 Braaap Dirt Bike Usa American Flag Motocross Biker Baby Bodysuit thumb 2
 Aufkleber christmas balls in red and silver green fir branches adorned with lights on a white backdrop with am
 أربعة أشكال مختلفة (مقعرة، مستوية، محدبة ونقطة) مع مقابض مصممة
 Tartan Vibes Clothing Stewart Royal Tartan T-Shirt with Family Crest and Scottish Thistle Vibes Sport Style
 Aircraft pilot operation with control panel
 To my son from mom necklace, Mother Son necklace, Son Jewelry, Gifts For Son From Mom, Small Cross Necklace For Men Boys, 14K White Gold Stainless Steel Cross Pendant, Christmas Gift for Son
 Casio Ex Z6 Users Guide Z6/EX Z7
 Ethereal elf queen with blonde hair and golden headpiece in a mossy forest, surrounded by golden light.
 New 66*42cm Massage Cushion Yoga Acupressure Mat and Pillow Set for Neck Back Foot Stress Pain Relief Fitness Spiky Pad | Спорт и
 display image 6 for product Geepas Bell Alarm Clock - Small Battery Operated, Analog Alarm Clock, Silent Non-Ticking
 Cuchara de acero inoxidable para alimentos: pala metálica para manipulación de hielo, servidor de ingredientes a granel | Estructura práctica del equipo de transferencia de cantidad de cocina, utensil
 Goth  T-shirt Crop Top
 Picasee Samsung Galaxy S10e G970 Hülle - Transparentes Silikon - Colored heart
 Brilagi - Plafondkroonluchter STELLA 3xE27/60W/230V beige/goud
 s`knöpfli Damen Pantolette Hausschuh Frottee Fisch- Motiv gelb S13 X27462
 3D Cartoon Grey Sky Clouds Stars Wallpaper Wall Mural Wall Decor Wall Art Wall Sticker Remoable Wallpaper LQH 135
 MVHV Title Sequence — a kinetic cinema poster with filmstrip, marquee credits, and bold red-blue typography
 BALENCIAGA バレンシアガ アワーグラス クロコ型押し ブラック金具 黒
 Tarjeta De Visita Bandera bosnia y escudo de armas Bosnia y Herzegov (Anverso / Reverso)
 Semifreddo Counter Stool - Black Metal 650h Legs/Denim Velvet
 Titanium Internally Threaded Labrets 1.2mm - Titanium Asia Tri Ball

* * *

» **Exercise brief**
Scan the material above for the string "with" and return the lines that hold it.

» **Response to this exercise**
 Aufkleber christmas balls in red and silver green fir branches adorned with lights on a white backdrop with am
 Tartan Vibes Clothing Stewart Royal Tartan T-Shirt with Family Crest and Scottish Thistle Vibes Sport Style
 Aircraft pilot operation with control panel
 Ethereal elf queen with blonde hair and golden headpiece in a mossy forest, surrounded by golden light.
 MVHV Title Sequence — a kinetic cinema poster with filmstrip, marquee credits, and bold red-blue typography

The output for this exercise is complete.